Travel Venice: Finding a Room with a View in Venice

December 7, 2015
Travel Venice: Finding a Room with a View in Venice

The wide terraced steps led to the Grand Canal and waiting vaporetto (water bus). Venice lay at my feet and I was transfixed. People hurried past me, some griping, others whispered their irritation. Standing in the train station doorway with two large bags, I created a traffic jam.

Venice was captivating, it looked like a postcard. None of the pictures I’d seen came close to capturing the atmosphere. Descending the steps, I headed for the vaporetto loading platform. Getting on Vaporetto Line 82 was challenging. Pulling my substantial, weighty luggage and maneuvering the crowded vessel was frightening. People jammed in and made total body contact—this was way more of the locals than I wanted to know.

Using my emailed directions, I disembarked at Accademia 12. Turning to the left I saw the canal bridge. It just had to be arched—steeply. No matter, I was headed to the Hotel American. There I had a room reserved. A single room with no view.

Venice was captivating, it looked like a postcard. None of the pictures I’d seen came close to capturing the atmosphere.

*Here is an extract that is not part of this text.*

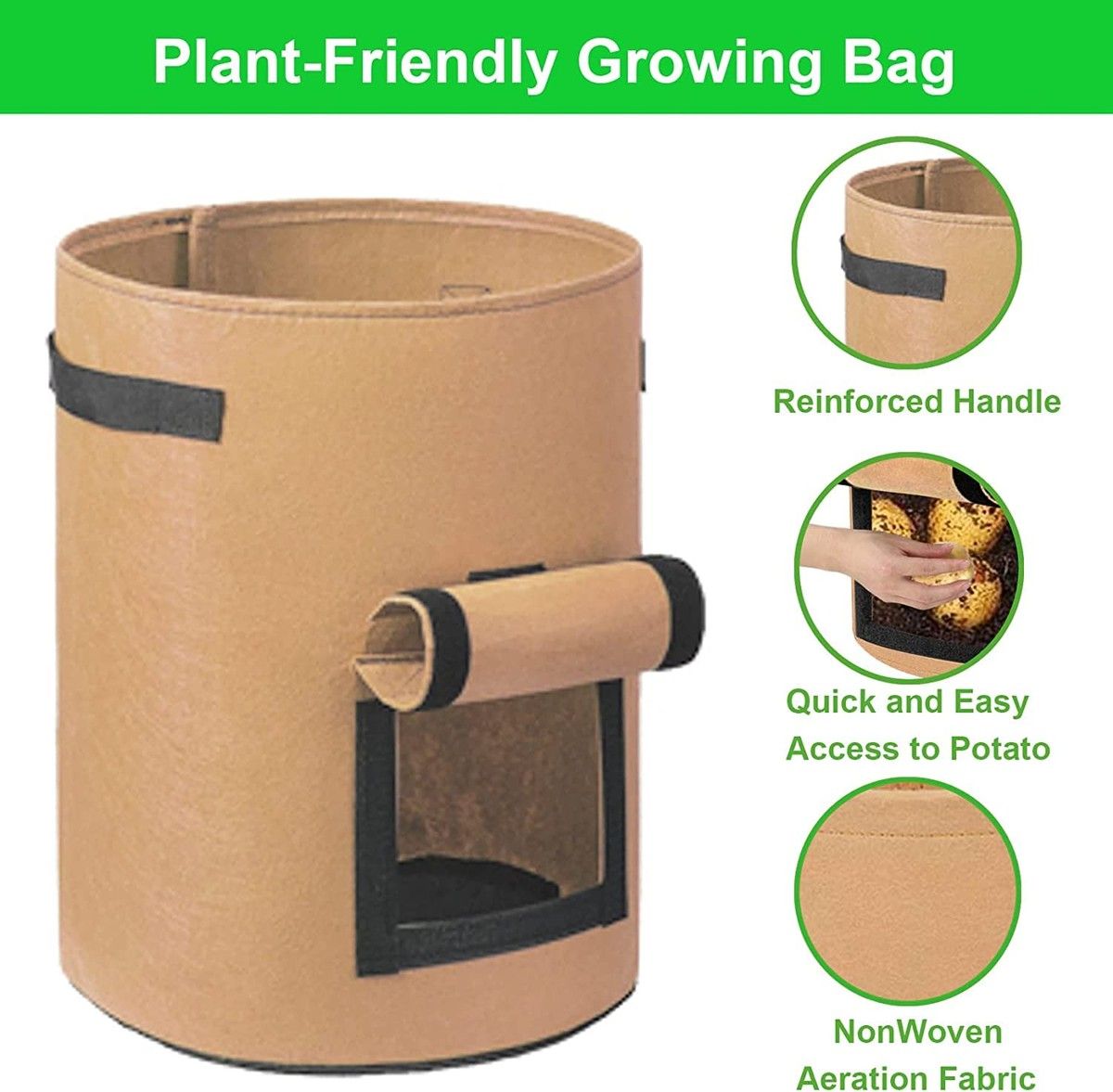 https://img.bestdeals.co.nz/products_pictures/713/71398_682302_F.jpg
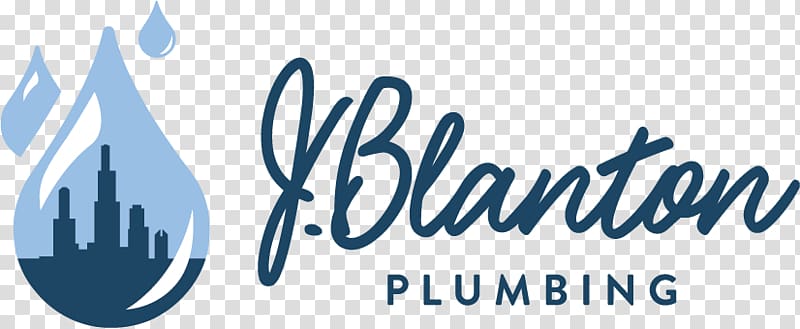 Lake View, Chicago Better Business Bureau of Chicago & Northern Illinois J. Blanton Plumbing, chicago city transparent background PNG clipart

Finding the hotel was uncomplicated. A lanky, grey, man sitting behind the front desk stood as I entered. He greeted me in Italian. He seemed irritated. I think I interrupted his nap. His name badge read ‘Fabio’. Fabio wasn’t that gorgeous Italian model I had imagined during our email communication.

We went through the usual procedures for checking-in. Fabio called for a porter. Another elder gentleman appeared and took my key, one bag and headed for the stairs. “He cannot take all your pesante bags,” Fabio said. I didn’t know what pesante (heavy) meant exactly, but I got the picture. I had to carry a bag.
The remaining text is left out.